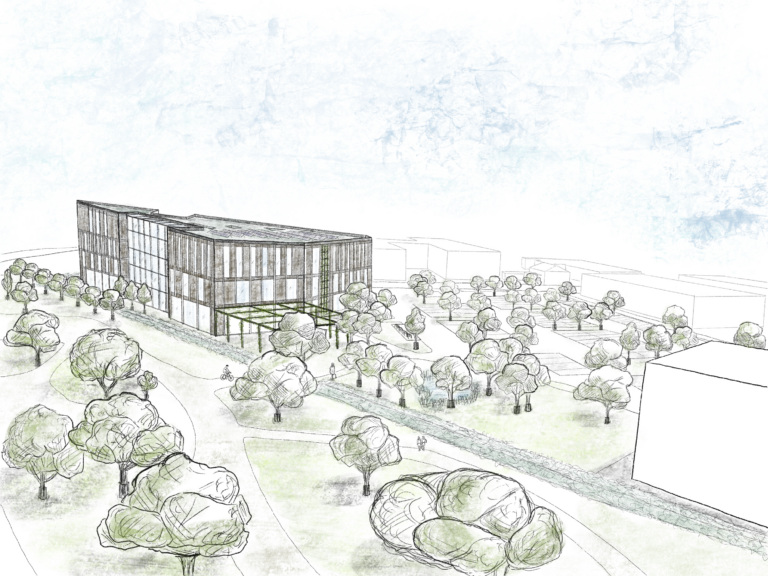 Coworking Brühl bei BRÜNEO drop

* * * * * * *

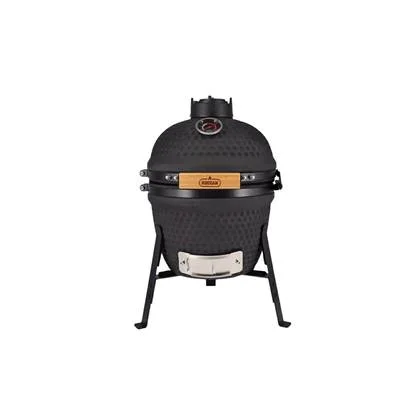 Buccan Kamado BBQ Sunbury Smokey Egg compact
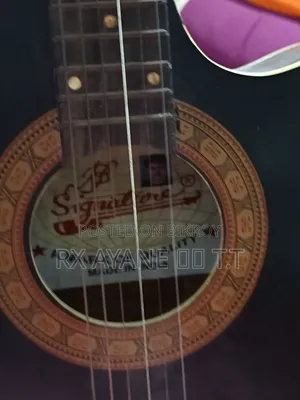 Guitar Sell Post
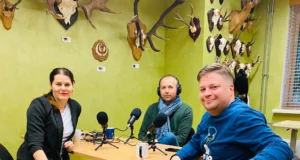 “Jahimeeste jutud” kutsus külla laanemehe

* * * * * * *

- [Task] Beginning at the line above that contains "Guitar Sell Post", repeat each line exactly through the one that contains "kutsus külla laanemehe", and leave out the pictures.

- [Output for this exercise]
 Guitar Sell Post
 “Jahimeeste jutud” kutsus külla laanemehe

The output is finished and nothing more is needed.